Gravitational Potential Energy is equal to $a_g*m*h$. If our magic box starts at sea level and rises to 3 km in the atmosphere, and its total mass is 100kg, then the amount of energy needed to raise it there is $\approx9.81*100*3000$ or 2943000 J.

Now, let's assume that the box is 90% atmosphere and 10% mechanisms. Simply by returning the box to the ground, we get back just under 10% of the energy. Now, what about the pressure differential?

Our turbine is a wind turbine, basically, so we can use wind turbine equations to solve its energy generation. Basically, through a complex derivation process, you get $P = \frac{1}{2}\rho A v^3$, which describes the density of air ($\rho$), the velocity of the air (We'll use the maximum of 343m/s) and the cross sectional area of the turbine.

Now, how do we go about finding A? Since we know that the velocity is 343 M/s, we can use $\frac{flow\space rate}{area} = velocity$. Flow rate is expressed in volume per time.

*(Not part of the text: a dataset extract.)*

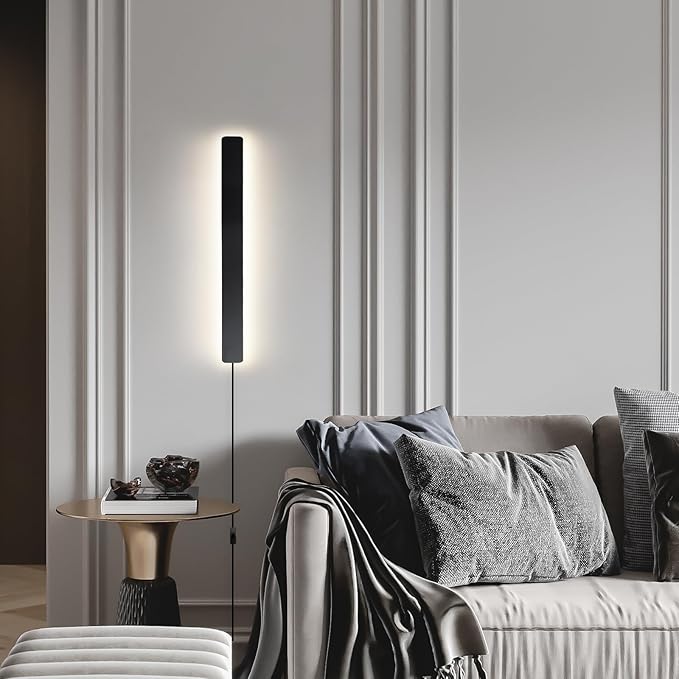Modern Plug in Wall Sconces, 23.6 inch Frosted Black LED Long Wall Lights, 12W Warm White 3000K Acrylic Indoor Wall lamp,with 59" Plug Cable for Bedroom, Living Room, Bathroom Makeup, Hallway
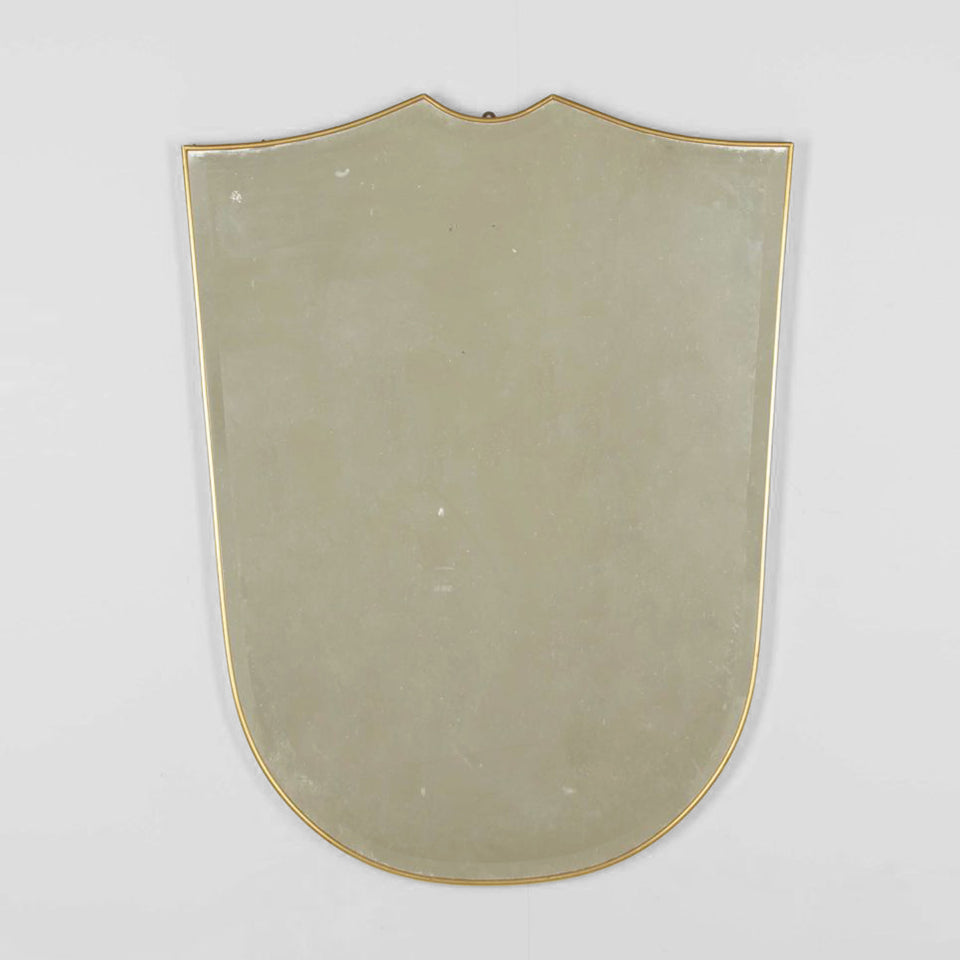 Mid-Century Italian Brass Shield Mirror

The density of air at sea level is 1.2$\frac{kg}{m^3}$, and we have 90 kg, so we have a volume of 108$m^3$. Our equation seems to look like

$$\frac{Joules}{second} = \frac{1}{2}*(1.2\frac{kg}{m^3})*area*\frac{\frac{volume}{second}}{area}$$

Simplifying, we get $J = .5*\rho * volume$, which yields... 64.8 J. 64.8 J is far less than the couple million it took to get the thing up there.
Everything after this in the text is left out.